**EXERCISE DESCRIPTION:** Go to the line with "Interruttore limite XCKT2110N12" in the material below and copy from there through the line with "Geometric Checkerboard Pillowcase", exactly. Pictures are not copied.

**TASK MATERIAL:**
========

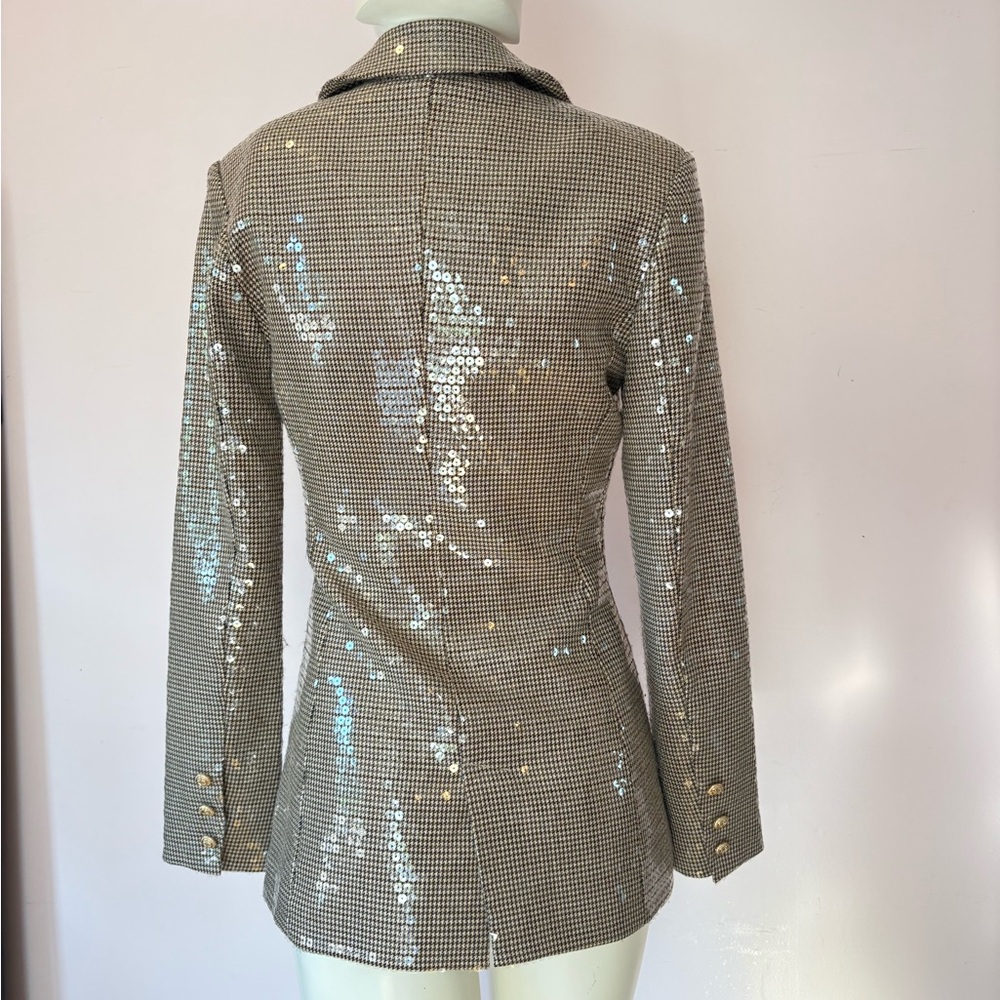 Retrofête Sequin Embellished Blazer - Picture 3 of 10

========

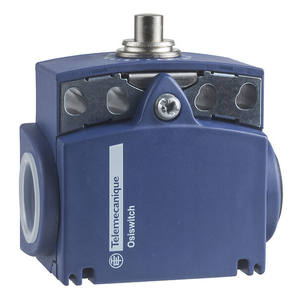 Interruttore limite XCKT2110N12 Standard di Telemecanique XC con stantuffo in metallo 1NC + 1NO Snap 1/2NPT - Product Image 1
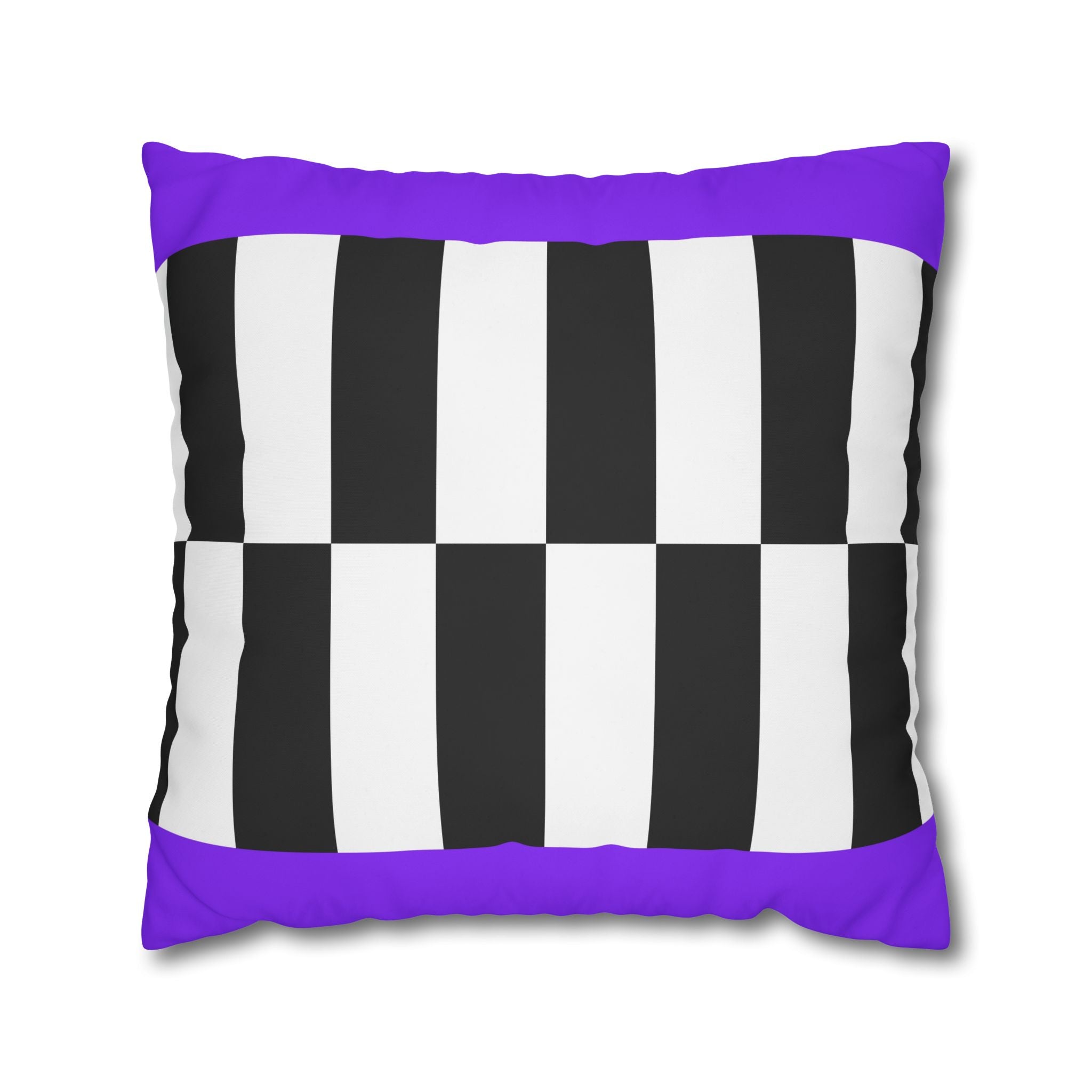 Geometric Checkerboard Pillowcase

========

**PROBLEM SOLUTION:**
 Interruttore limite XCKT2110N12 Standard di Telemecanique XC con stantuffo in metallo 1NC + 1NO Snap 1/2NPT - Product Image 1
 Geometric Checkerboard Pillowcase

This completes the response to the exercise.